The invention relates generally to self-contained power units particularly adapted to use in close association with a crop processing operation in which a crop residue may be used as a fuel and in particular to power units including an internal combustion engine simultaneously supplied with two or more fuels, the fuels differing substantially in physical properties and the fuel supply systems differing substantially in response to change of demand.
An unfavorable comparison of projected world energy needs with estimated availability, particularly of conventional non-renewable energy resources, has intensified interest in the development of alternative energy sources including fuels derived from wastes such as crop residues. Large amounts of energy are available in the form of crop, food processing and forest industry residues (biomass). However for successful utilization of this energy, particularly at the farm, processing plant or lumber mill, a simple low-cost method of recovering thermal and electrical energy from these residues is required. Downdraft gasification in a vertical flow packed-bed reactor is one such method and, because hot gases flow in the same direction as the fuel stock, has good potential to provide clean fuel for small engines but so far its adoption has been limited and embodied typically in batch-fired systems requiring considerable manual control and offering only limited running times. A practical system offering continuous automatically controlled operation and requiring a minimum of manual supervision and adaptable to providing a low BTU gas of a composition and condition suitable for conversion in an energy converter either as the sole fuel or as a fuel component in a more sophisticated multi-fuel system was still needed. Waste and residue conversion technologies, including pyrolysis systems utilizing vertical flow packed-bed reactors, are discussed in "Solid Wastes and Residues--Conversions by Advanced Thermal Processes", ed. Jones and Radding, ACS Sumposium Series, American Chemical Society 1978, through page 162.

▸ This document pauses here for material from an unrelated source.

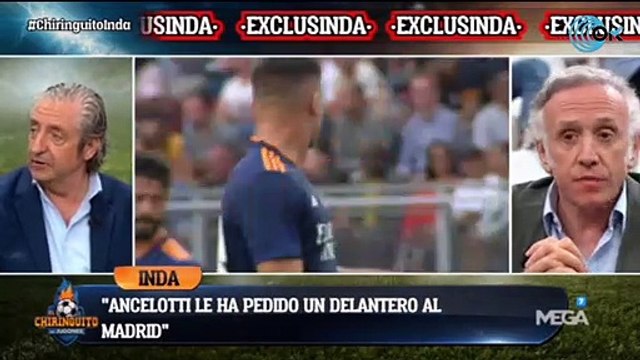 Eduardo Inda sobre el futuro de Jovic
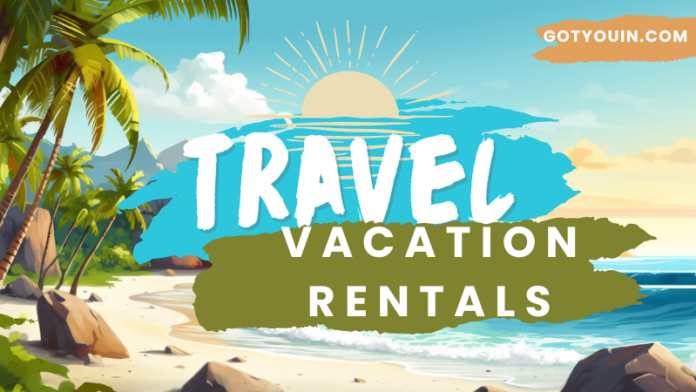 picture showing vacation rentals in US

Some studies of the utilization of producer gas from crop residues as a fuel in an internal combustion engine have been made with gas having a heat content of only 180 BTU's per cubic foot but it was projected that heating value could be increased to about 400 BTU's per cubic foot (at least from wood waste) if all condensible fractions were removed from the gas and if process air was reduced or eliminated from the gas. It has been suggested that producer gas, particularly that made from low quality and variable stock, is likely to be only marginally adequate for use as a sole fuel in an internal combustion engine even after a considerable refining and conditioning of the gas.
Known dual-fueled engines are typically supplied with piped gas under relatively high pressure, as well as diesel fuel, with a gas throttle valve responding directly to the engine governor's signals, If, however, gas for a dual-fueled engine comes directly from a local gas producer or gasifier, gas input response will be dependent upon the operating characteristics of the producer and its supporting equipment upstream of the engine. Slow response of this type of gas supply to a change in demand caused by a change in engine loading will result in large engine speed variations. If in a dual-fueled diesel engine the diesel injection quantity is fixed (say at a low pilot level) and the engine governor operates only the gas throttle valve, unacceptable variations of engine speed with engine load will generally result.
Another problem of known dual-fueled internal combustion engine control systems, where one of the fuels is a gas such as producer gas, is the hazard of explosion within the exhaust system if unburned producer gas is exhausted from the combustion chamber.